Appeals Court Overturns Child Solicitation Conviction, Citing Exclusion of Key Evidence
- Sam Orlando
- May 31
- 2 min read
Virginia court says jury should have heard full context of defendant’s post-arrest statement

Written by: Sam Orlando
HENRICO, VIRGINIA - A Virginia man’s conviction for soliciting a minor online has been overturned by the state’s Court of Appeals, which found that the trial court improperly excluded exculpatory statements he made during a police interview. The court’s ruling underscores the legal principle that juries must hear a complete version of a defendant’s statement—not just parts that support the prosecution’s case.
James Thomas Curry, 32, was arrested in Henrico County in 2022 following a police sting operation in which an officer posed as a 14-year-old girl named “Kate” on the social app Skout. After exchanging flirtatious and sexually suggestive messages, Curry drove two hours to meet her at a Richmond-area mall, where he was arrested by police.
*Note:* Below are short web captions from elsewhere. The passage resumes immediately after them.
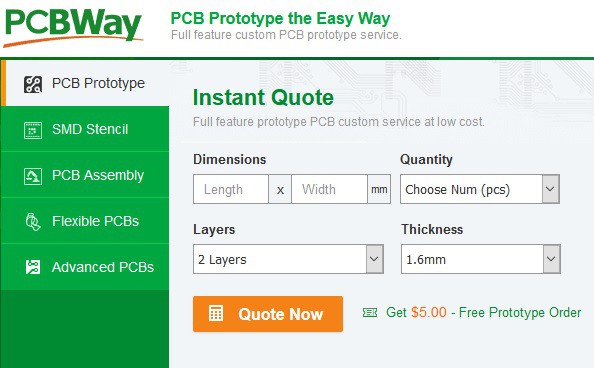 pcbway_instant quote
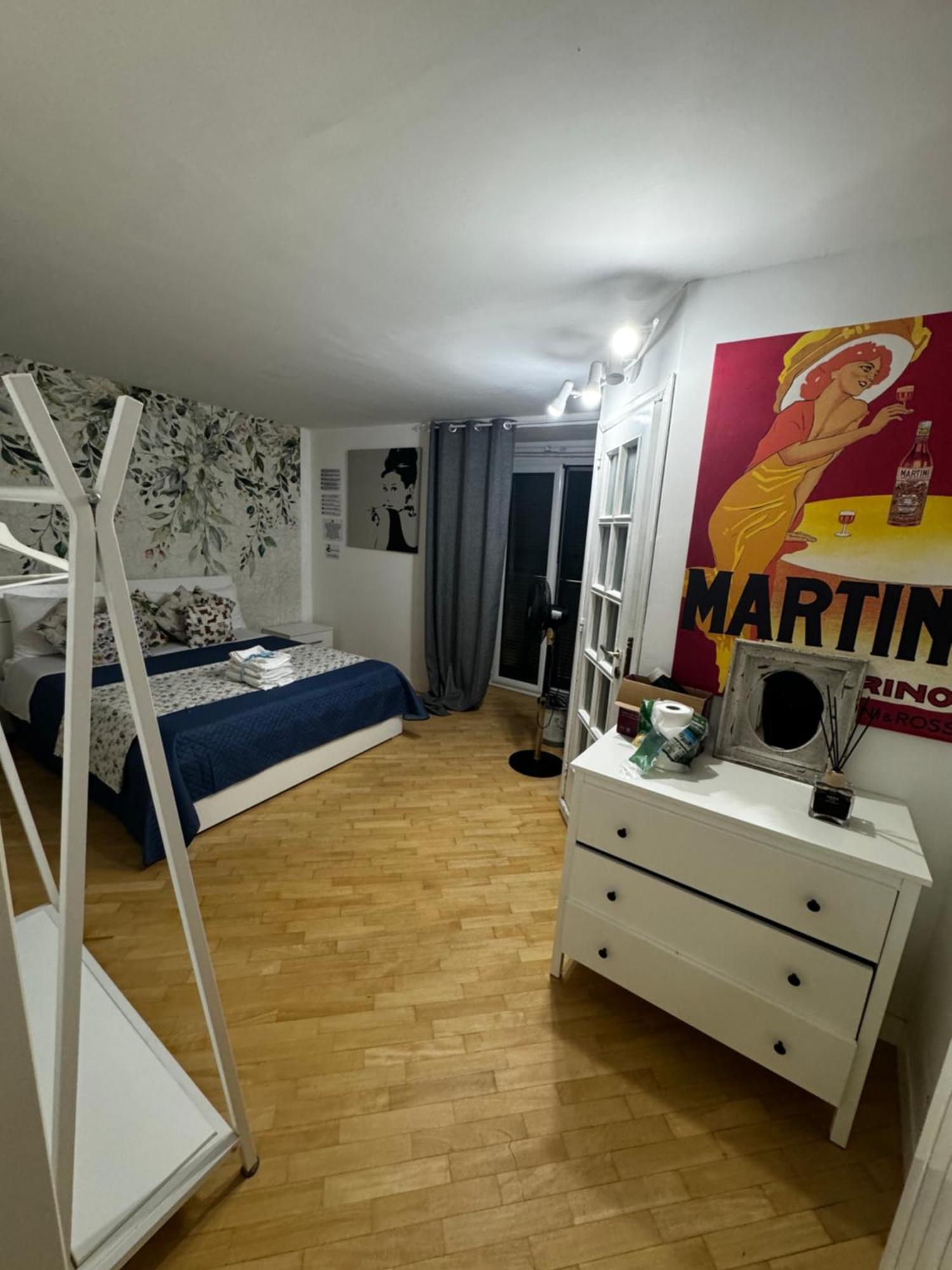 Plebiscito Charme Rooms Neapol Zewnętrze zdjęcie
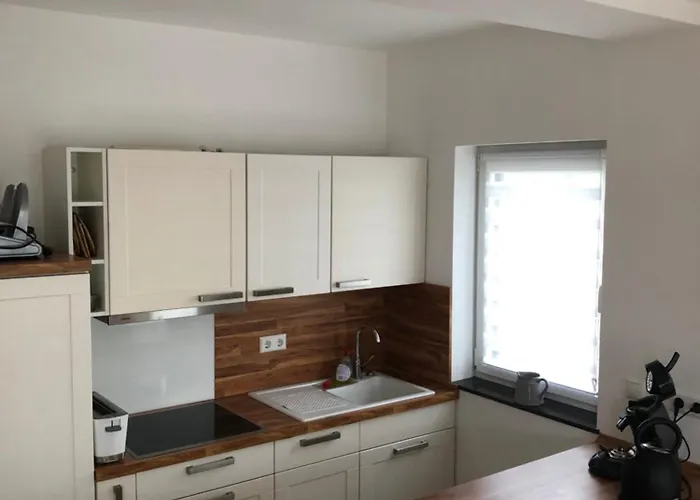 Schoefferles Mit Sauna Apartamento *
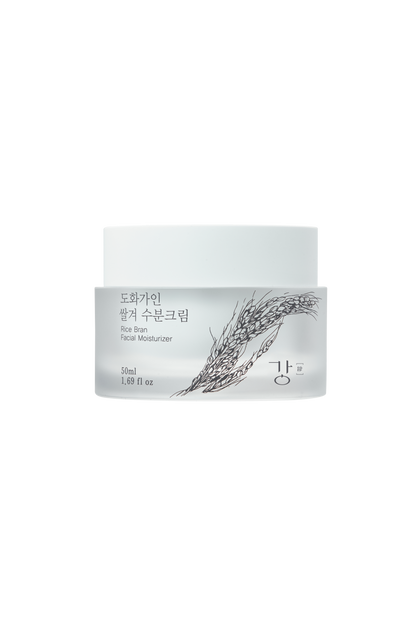 HOUSE OF DOHWA RICE BRAN FACIAL MOISTURIZER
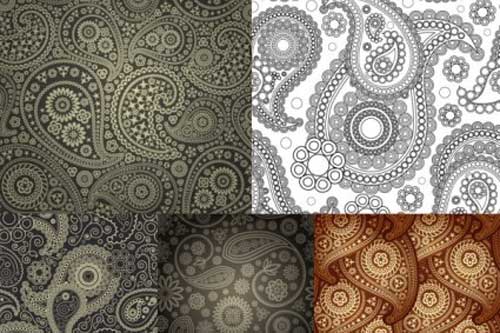 paisley patterns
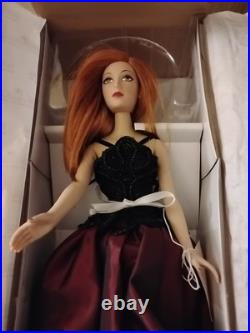 Madame Alexander Portrait Sitting Alex 16 Doll Red Head Limited Edition, withbox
At trial, prosecutors highlighted Curry’s messages suggesting kissing, cuddling, and sex, and his admissions to police that he had known the girl was underage. However, they did not present portions of his post-arrest statement in which Curry claimed he was “playing a role” and intended only to warn the girl and alert her parents about the dangers of talking to older men online.
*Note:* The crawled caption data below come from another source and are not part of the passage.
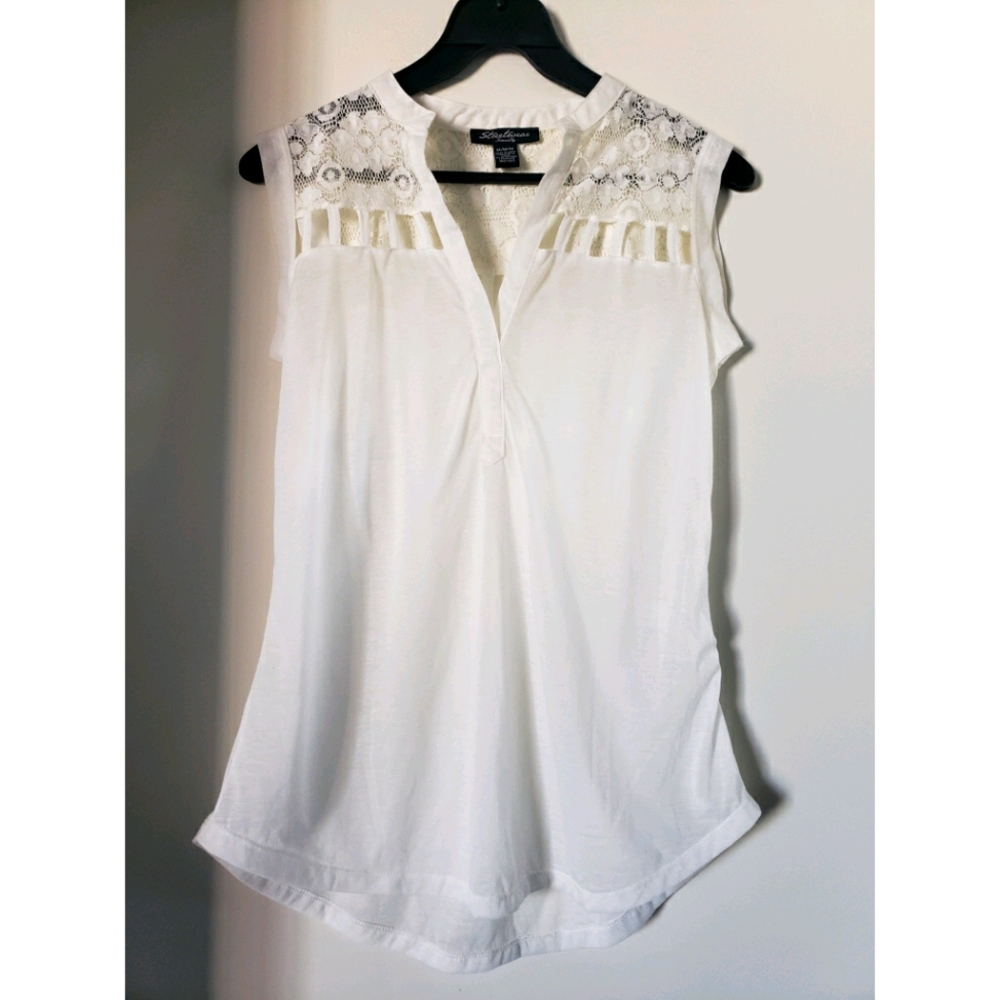 White shirt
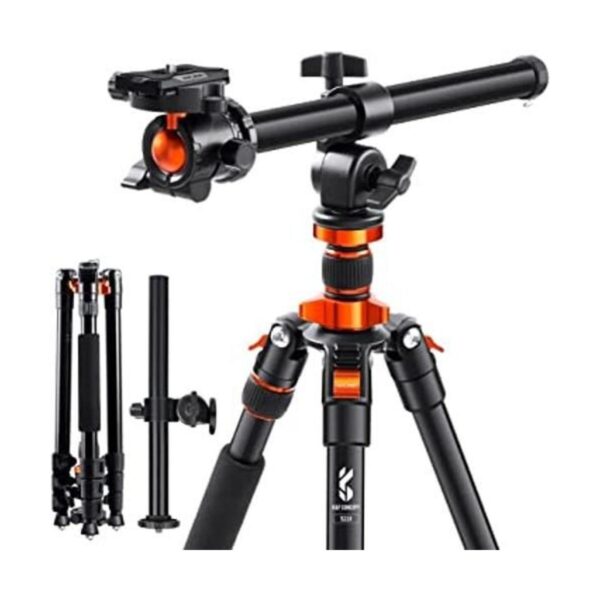 KF Concept Trípodes de cámara DSLR de 78 pulgadas con_1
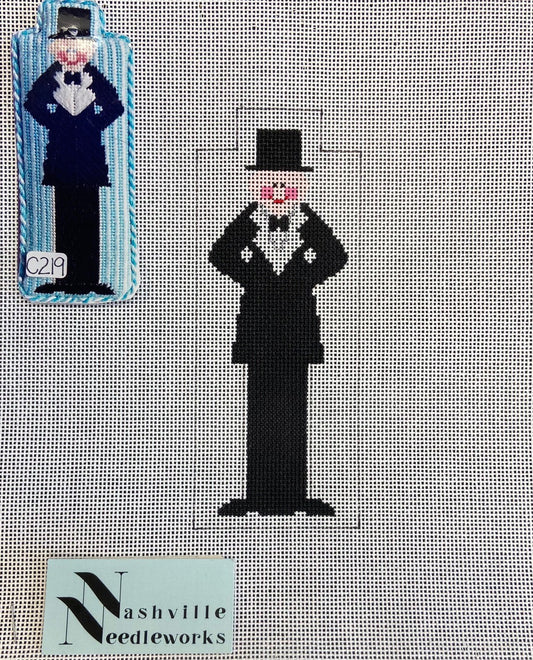 Nervous Groom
Curry’s defense argued that omitting those exculpatory remarks violated the rule of completeness—a principle in Virginia common law that requires jurors to hear both the incriminating and the potentially exonerating parts of a defendant’s statement when presented as evidence.
The trial court rejected that argument, ruling the statements about Curry’s intent were inadmissible hearsay. The jury convicted Curry of using a communication system to solicit a child under 15 for sexual acts, sentencing him to 10 years in prison, with five years suspended.
But in a published opinion released April 1, 2025, the Virginia Court of Appeals reversed the conviction and ordered a new trial. Writing for the court, Chief Judge Marla Graff Decker said the exclusion of Curry’s full statement was an error of law—and not a harmless one.
“When the prosecution offers only the incriminating part of a defendant’s statement, the defense must be allowed to present the remainder, even if it includes self-serving or hearsay elements,” Decker wrote.
The court emphasized that the excluded statements—about Curry’s claimed intent to protect the minor and contact her parents—were relevant to a central issue in the case: whether he acted with lascivious intent, as required under Virginia law.
The ruling does not exonerate Curry. The case now returns to the trial court, where prosecutors may pursue a retrial.
Beyond the immediate outcome, the decision reinforces legal safeguards that ensure juries hear a full account of events—not a selective narrative.